-- Dataset content follows --

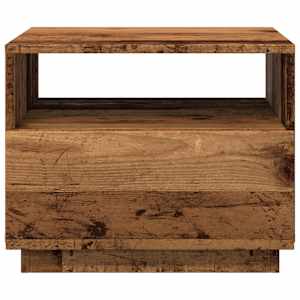 Konferenční stolek s LED osvětlením old wood 50 x 49 x 40 cm - obrázek 7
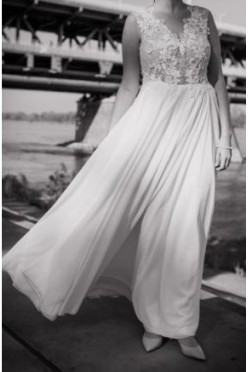 Muślinowa Suknia Ślubna Madonna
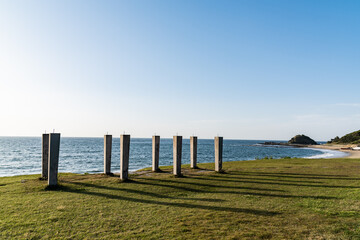 志賀島　海と太陽と柱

-- Dataset content concluded --

Task brief ->
The reply should repeat the data in full, exactly as given, and contain no pictures.

Response box ->
 Konferenční stolek s LED osvětlením old wood 50 x 49 x 40 cm - obrázek 7
 Muślinowa Suknia Ślubna Madonna
 志賀島　海と太陽と柱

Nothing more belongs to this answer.